If a program attempts to access the stored value of an object through a glvalue of other than one of the following types the behavior is undefined:63
- (11.1) the dynamic type of the object,
- (11.2) a cv-qualified version of the dynamic type of the object,
- (11.3) a type similar (as defined in 7.5) to the dynamic type of the object,
- (11.4) a type that is the signed or unsigned type corresponding to the dynamic type of the object,
- (11.5) a type that is the signed or unsigned type corresponding to a cv-qualified version of the dynamic type of the object,
- (11.6) an aggregate or union type that includes one of the aforementioned types among its elements or non- static data members (including, recursively, an element or non-static data member of a subaggregate or contained union),
- (11.7) a type that is a (possibly cv-qualified) base class type of the dynamic type of the object,
- (11.8) a char, unsigned char, or std::byte type.
When a value is written through std::memcpy as shown in the code above is it undefined behaviour to later read it with a reinterpret cast as show in the example with the view_as function template. What is the best way to obtain optimal performance and safety if that is possible?
return reinterpret_cast<T*>(buffer);
The only issue in your example with this approach is that you're not using std::launder.

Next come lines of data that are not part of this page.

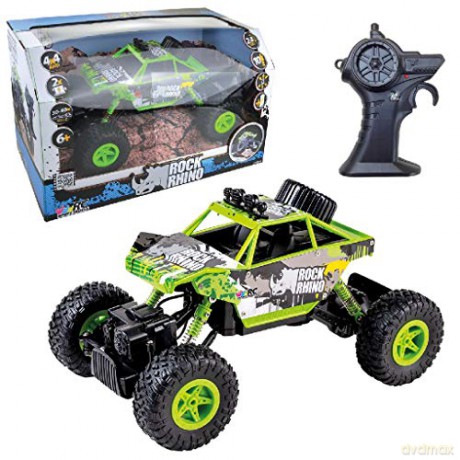 Samochód RC Rock Rhino 4WD 2.4GHz Happy People Samochód RC Rock Rhino 4WD 2.4GHz Happy People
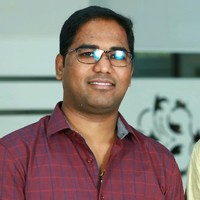 Dr.Anjan Prasad Reddy, Cmc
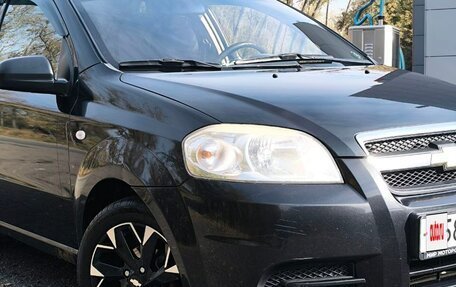 Chevrolet Aveo III, 2011 год, 410 000 рублей, 4 фотография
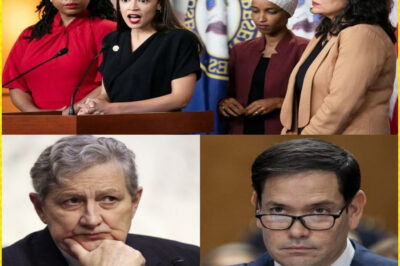 14 CONGRESSMEN DISQUALIFIED! RUBIO REPEALS ‘BORN IN AMERICA’ ACT OF SENATOR JOHN KENNEDY , TARGETS DUAL CITIZENS AND ‘CHEATERS’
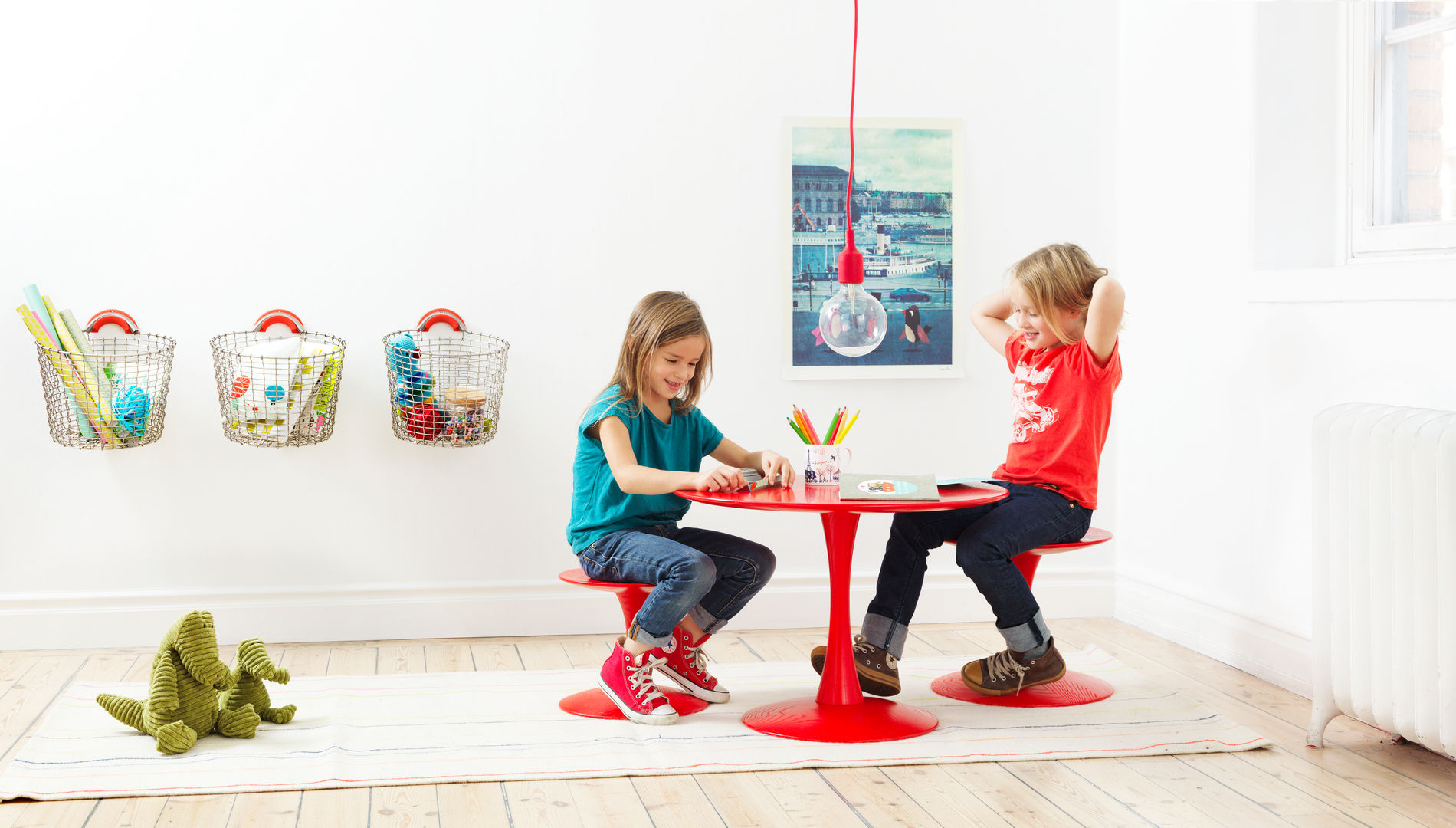 homify Dormitorios infantiles modernos:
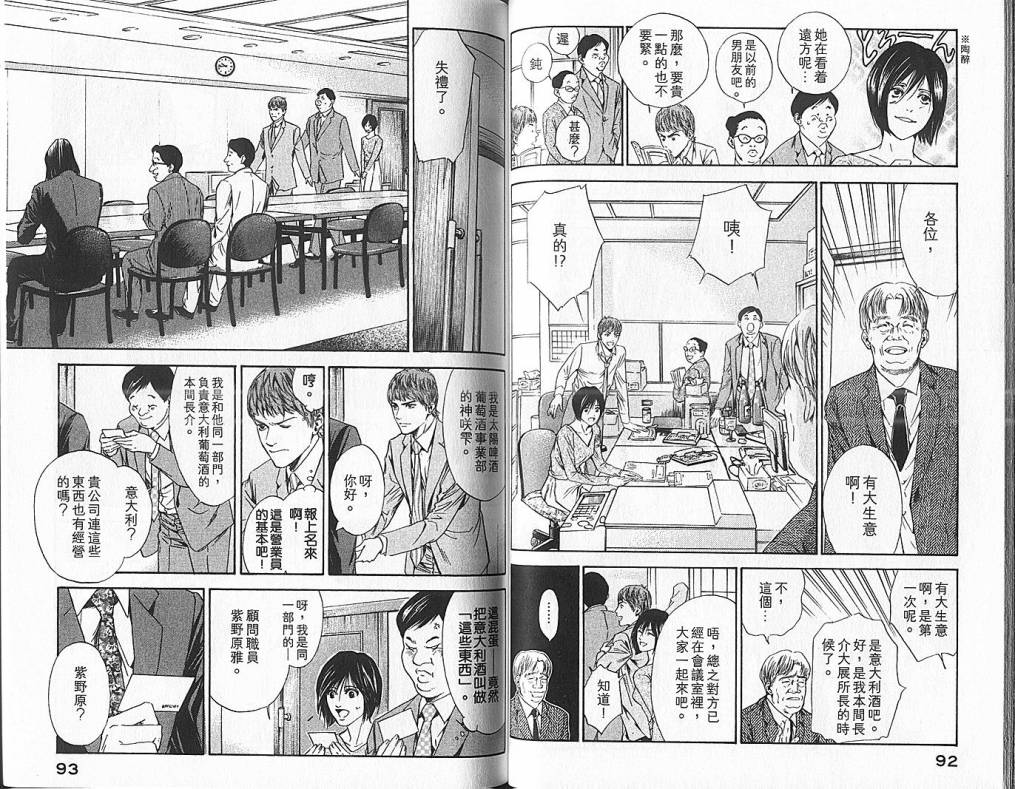 神之水滴 第6卷 第47页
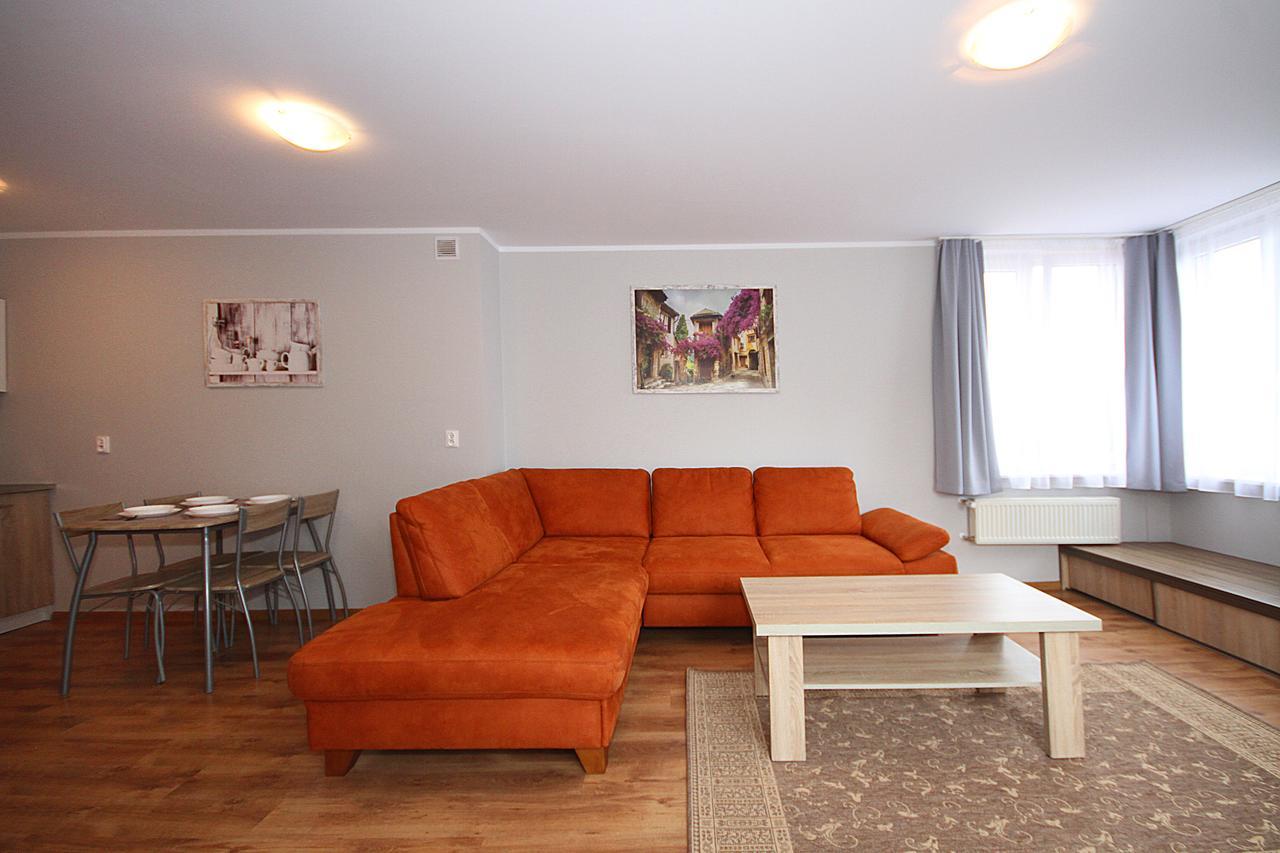 Apartamenty Olsztyn Olsztyn  Buitenkant foto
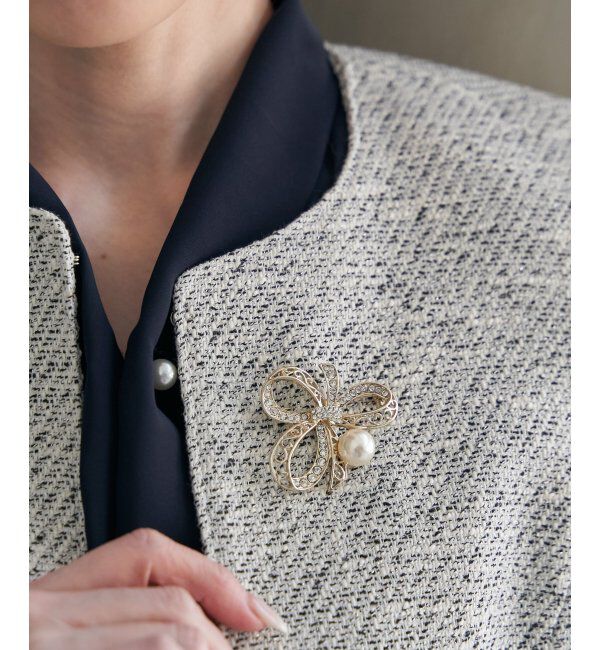 ikka「ブローチ２５」|その他|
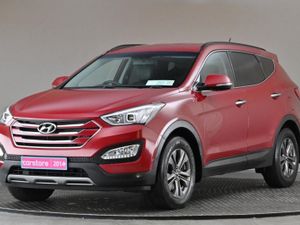 Hyundai Santa Fe 2.2 Crdi 4WD Executive 6spd  ful - Image 3
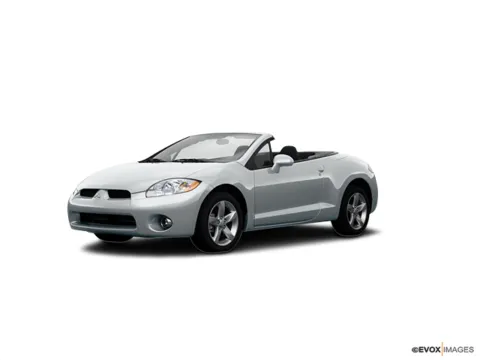 Silver 2008 Mitsubishi Eclipse GS for sale in Dillsburg, PA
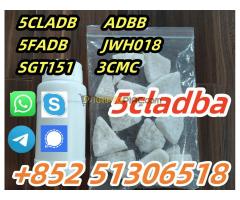 5cladba white powder 2cl 5cl 6cl 5cladbb sgt151 sgt78 jwh018 BMK finished product strong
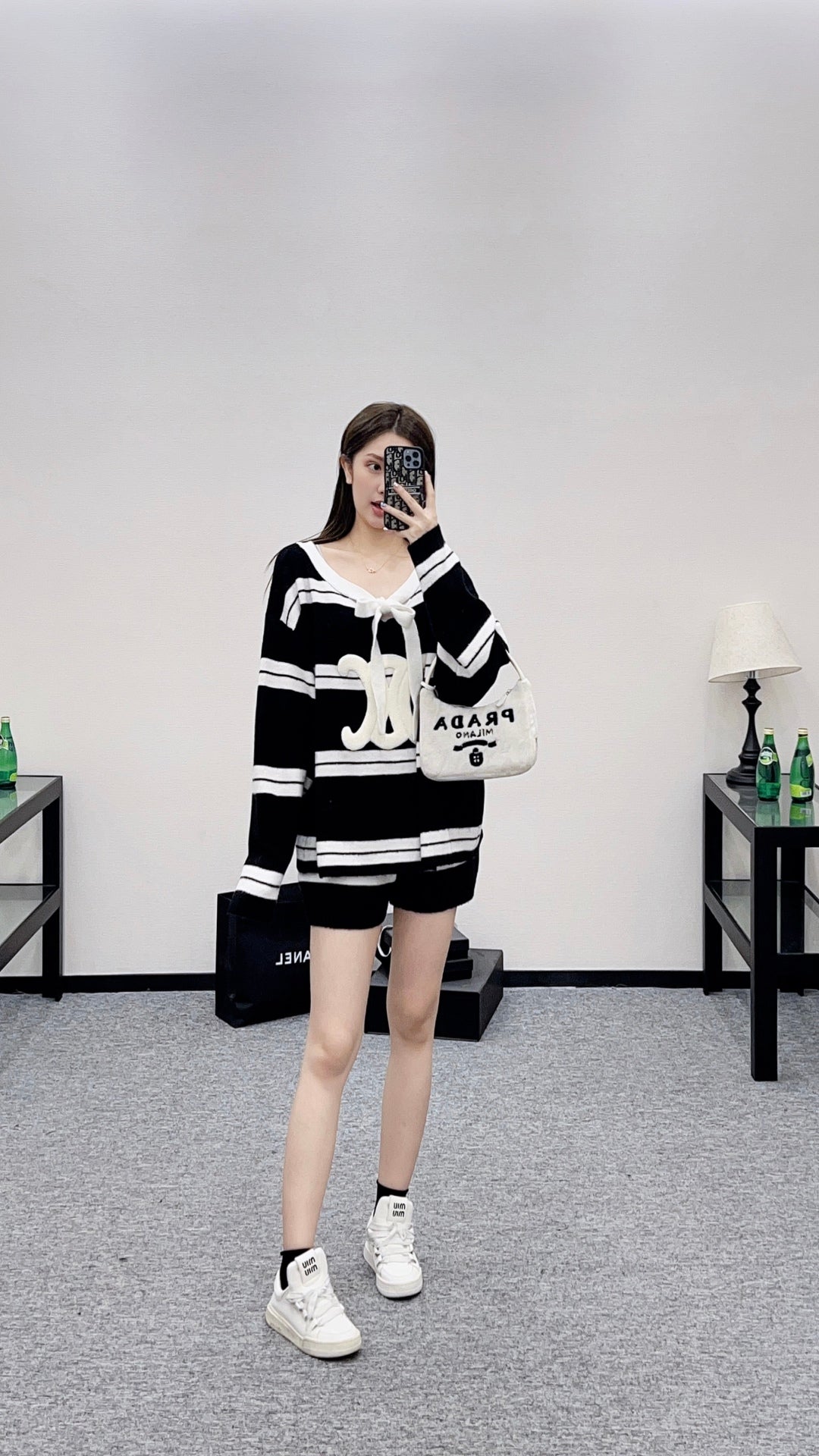 Cel 25fw leisure suit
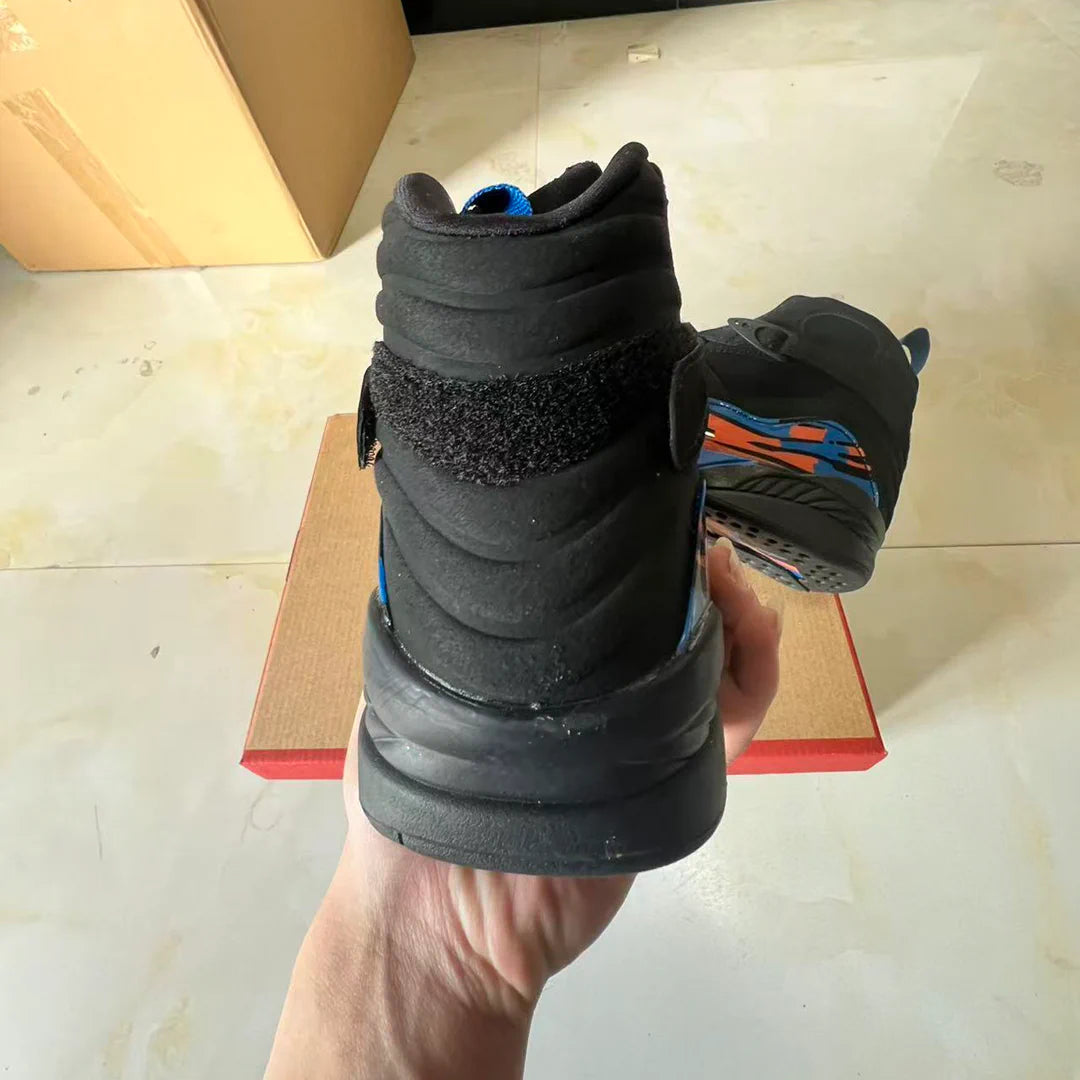 AJ 8 Cavs/ Knicks Shoes Sneakers – nk0004629 image 7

See also What is the purpose of std::launder?
If you wrote
return std::launder(reinterpret_cast<T*>(buffer));
... then you could use the returned pointer to access the T within buffer.
std::launder is needed because otherwise, buffer points to an unsigned char, and as the rules you've cited state, you cannot access an object of type unsigned char through a glvalue of type point.
However, serialize uses memcpy to place points into the buffer, which implicitly creates objects, so an actual point object exists at the address of buffer, and std::launder obtains a pointer to that object, not just to some byte.
Keep in mind that you cannot use this to type-pun some byte array in general.
Actual point objects need to have been created inside first, potentially implicitly.
view_as has no way to ensure that, or to check for that, so it's extremely unsafe.
That's why using std::memcpy like in deserialize is the safest and most robust option currently.
C++23 also adds std::start_lifetime_as to begin the lifetime of point objects in an existing byte array, but no one implements it yet.
See also What is the modern, correct way to do type punning in C++?